= Beginning of Section =
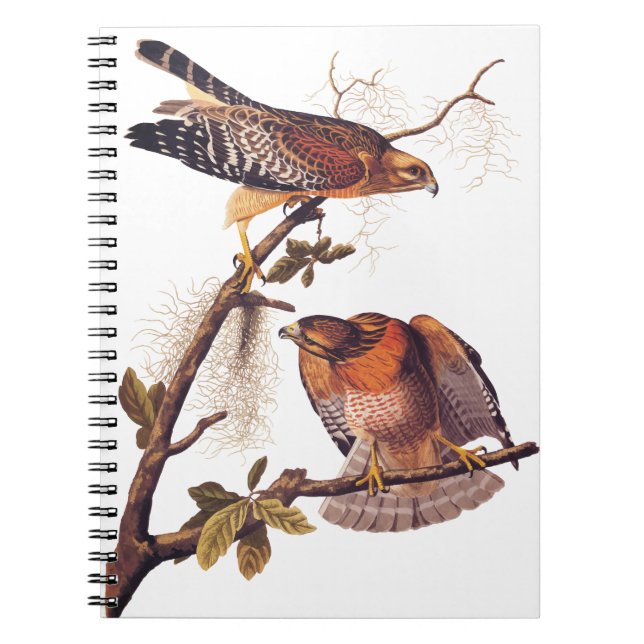 Caderno Espiral Pássaro de Preia ruivo Hawk Audubon (Frente)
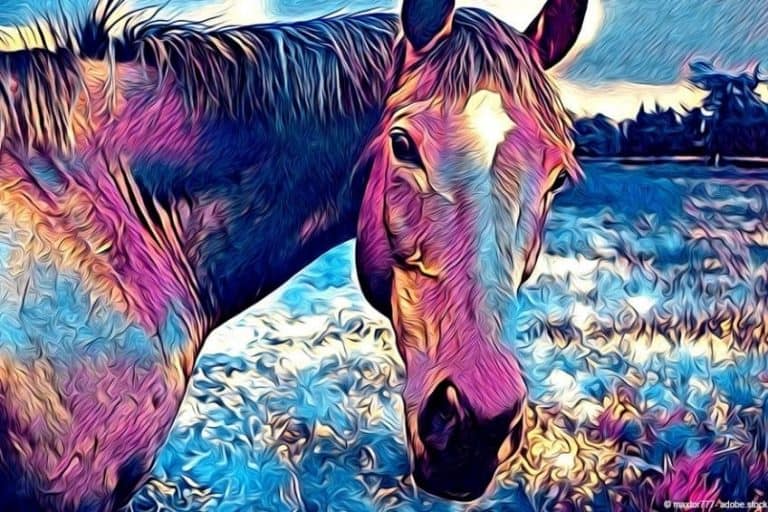 Horse Coloring Pages – The Best Free Horse Coloring Pages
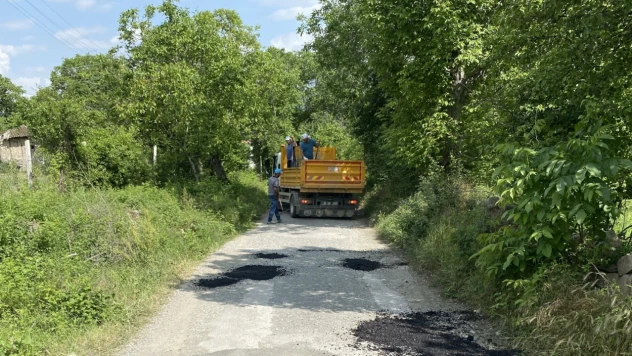 Tosya Belediyesi Bağ Yollarını Onarıyor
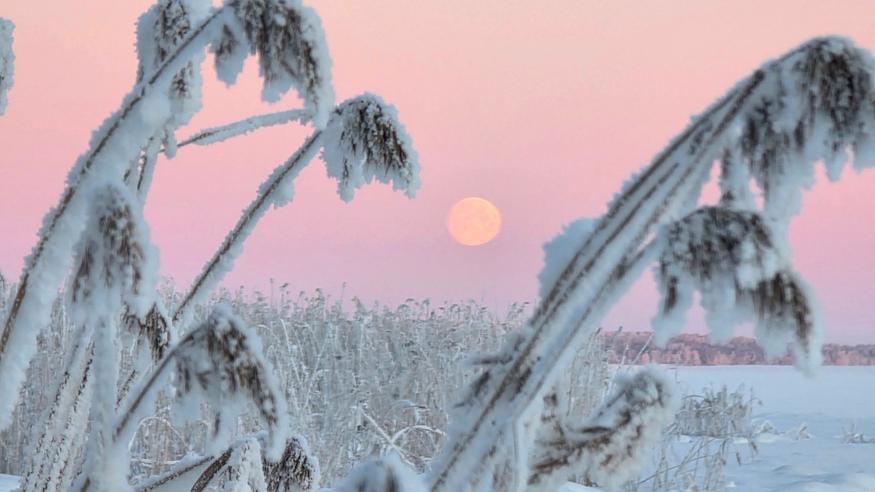 Kuukausiennuste: Suomi jää kylmän ilman loukkuun 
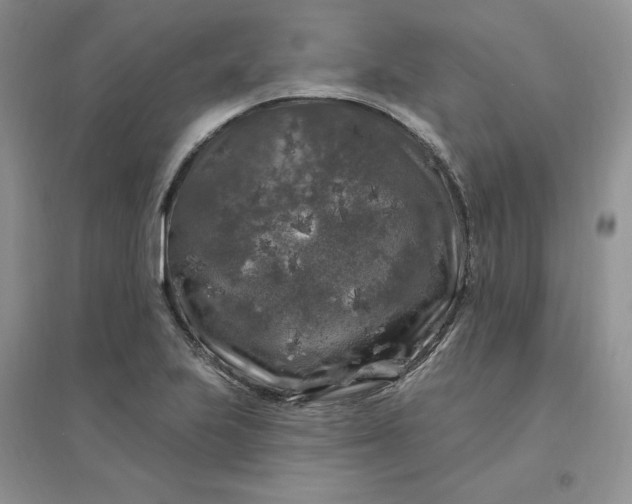 X0000096411223200802071647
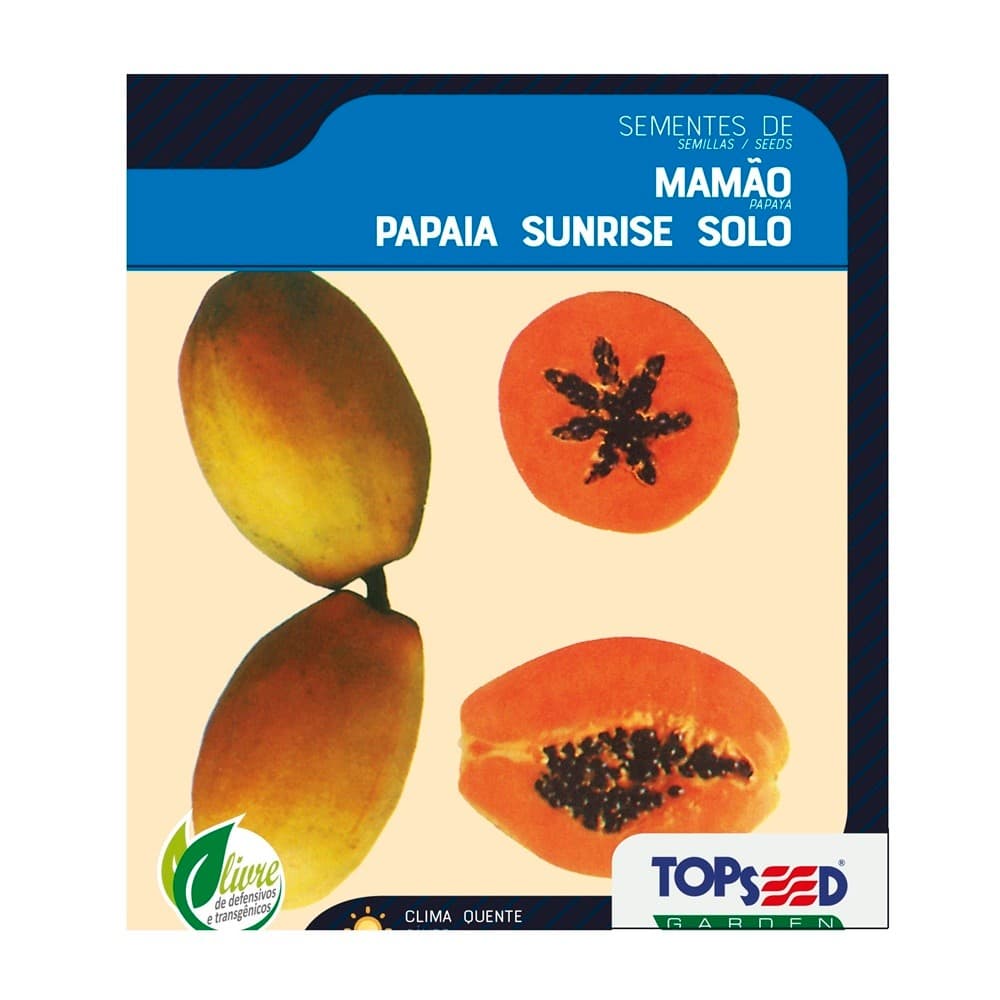 Kit 150 Sementes Mamao Papaia Otima Germinaçao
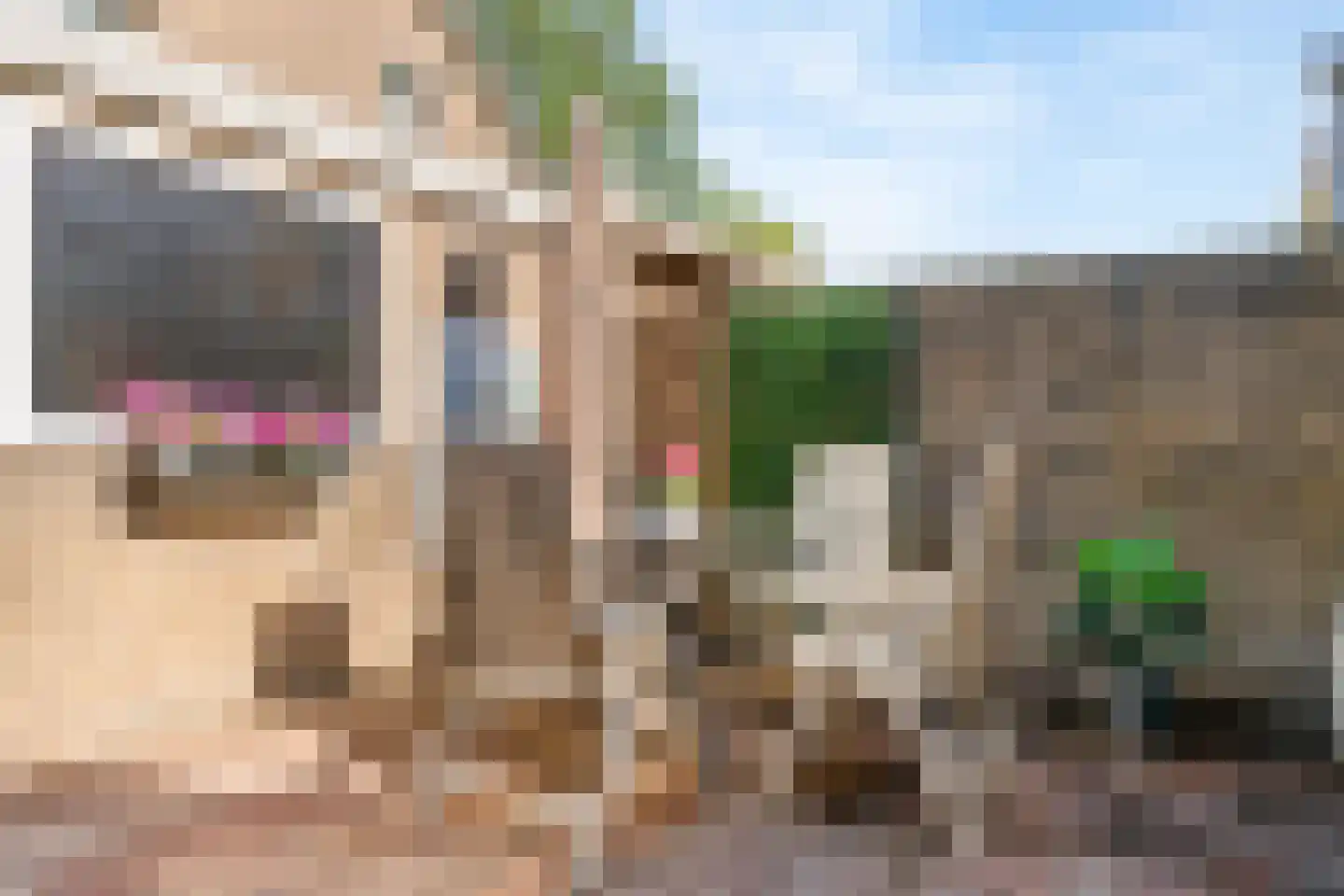Acquoylaan 13 Tiel thumbnail 30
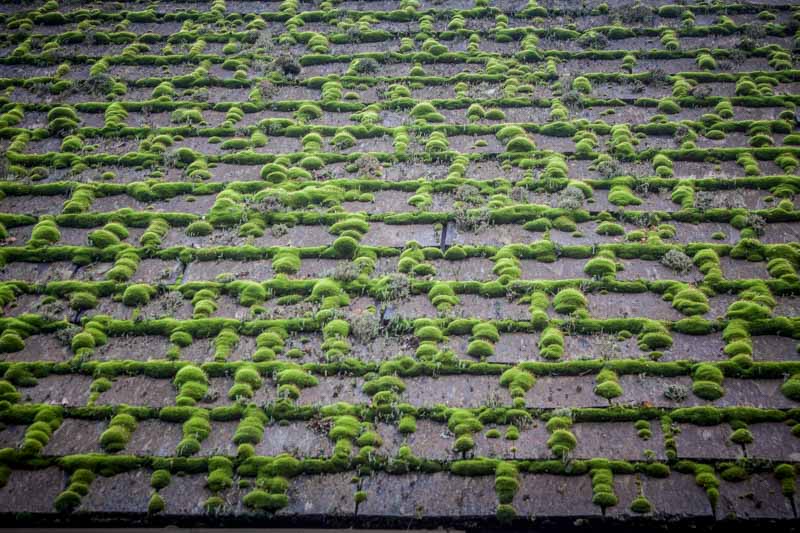 Carl Erland Mossy Roof Pattern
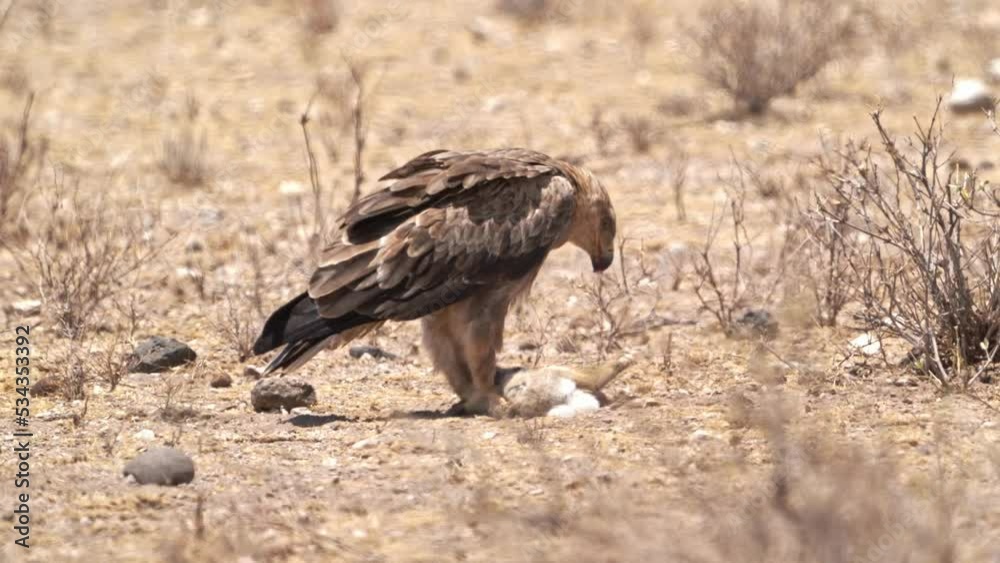 Tawny Eagle - Aquila rapax large bird of prey family Accipitridae, subfamily Aquilinae - booted eagles, African continent and Indian subcontinent, jerking and eating hunted african hare on the ground. Tawny Eagle - Aquila rapax large bird of prey family Accipitridae, subfamily Aquilinae - booted eagles, African continent and Indian subcontinent, jerking and eating hunted african hare on the ground.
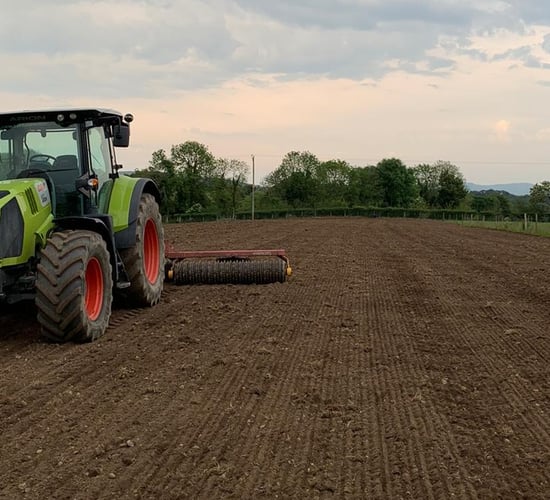 Reseeding with DLF's NxGen tetraploids for a cut above the rest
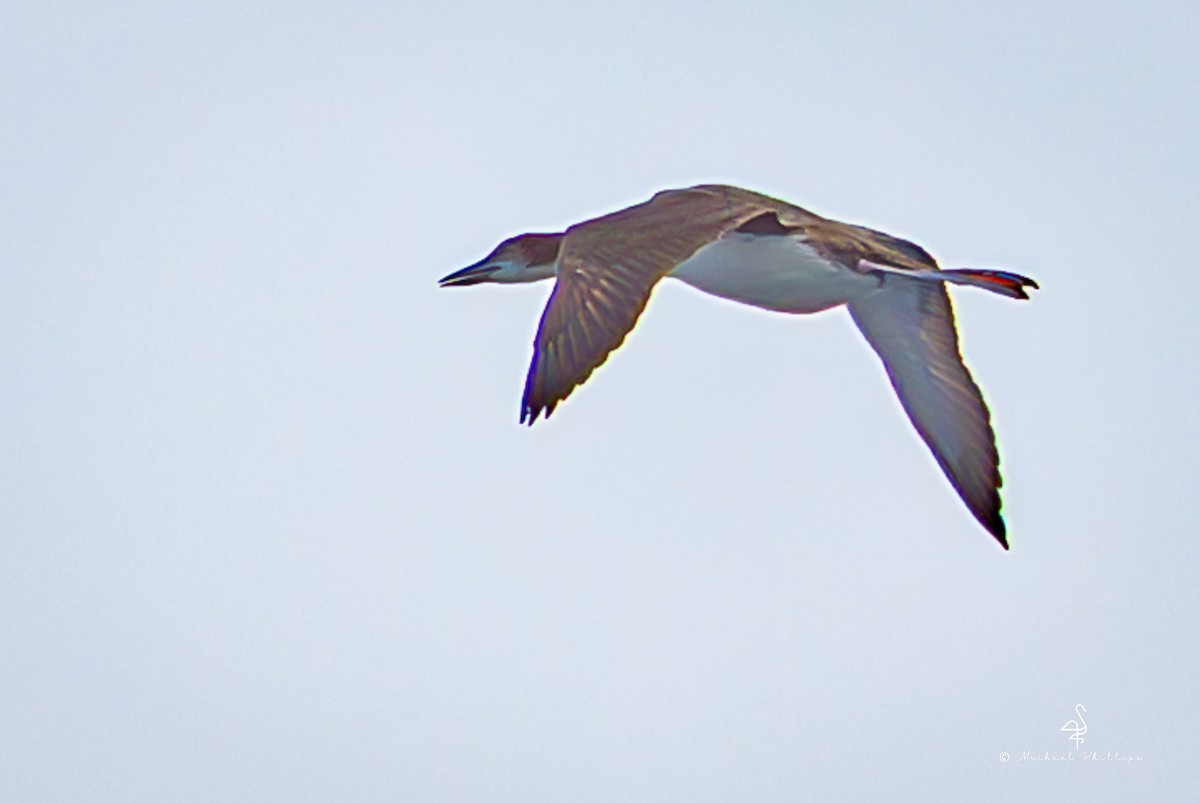 Aliota handia - ML645146811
= End of Section =
Aim of the exercise: From the first line to the last, copy the listing above exactly, dropping all images.

Response:
 Caderno Espiral Pássaro de Preia ruivo Hawk Audubon (Frente)
 Horse Coloring Pages – The Best Free Horse Coloring Pages
 Tosya Belediyesi Bağ Yollarını Onarıyor
 Kuukausiennuste: Suomi jää kylmän ilman loukkuun 
 X0000096411223200802071647
 Kit 150 Sementes Mamao Papaia Otima Germinaçao
Acquoylaan 13 Tiel thumbnail 30
 Carl Erland Mossy Roof Pattern
 Tawny Eagle - Aquila rapax large bird of prey family Accipitridae, subfamily Aquilinae - booted eagles, African continent and Indian subcontinent, jerking and eating hunted african hare on the ground. Tawny Eagle - Aquila rapax large bird of prey family Accipitridae, subfamily Aquilinae - booted eagles, African continent and Indian subcontinent, jerking and eating hunted african hare on the ground.
 Reseeding with DLF's NxGen tetraploids for a cut above the rest
 Aliota handia - ML645146811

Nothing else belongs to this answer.